§ **GOAL OF THE EXERCISE**
Line by line, set down all the data below exactly, omitting any picture.

§ **EXERCISE DATA**
============
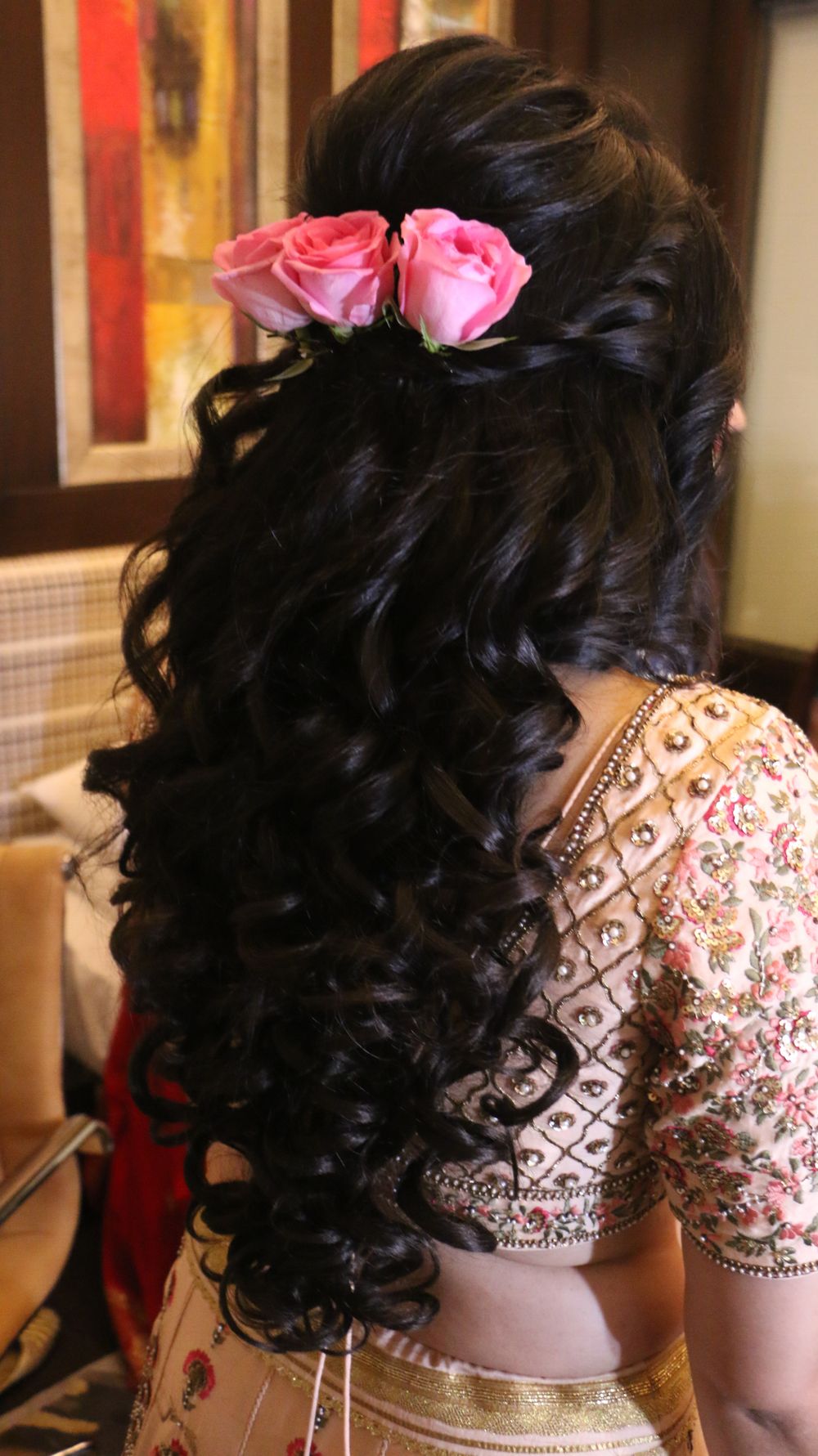 Photo From Varsha`s bridal & engagement make up - By Makeup and Hair by Dave Sodhi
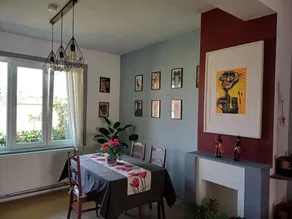 Apartment with terrace in Berchem-Sainte-Agathe - Image 3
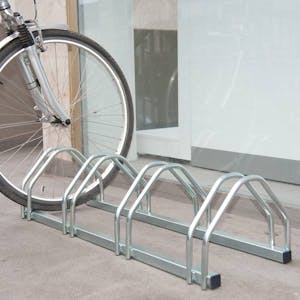 Traffic Line Floor Mounted Cycle Rack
============
§ **RESULT FOR THIS TASK**
 Photo From Varsha`s bridal & engagement make up - By Makeup and Hair by Dave Sodhi
 Apartment with terrace in Berchem-Sainte-Agathe - Image 3
 Traffic Line Floor Mounted Cycle Rack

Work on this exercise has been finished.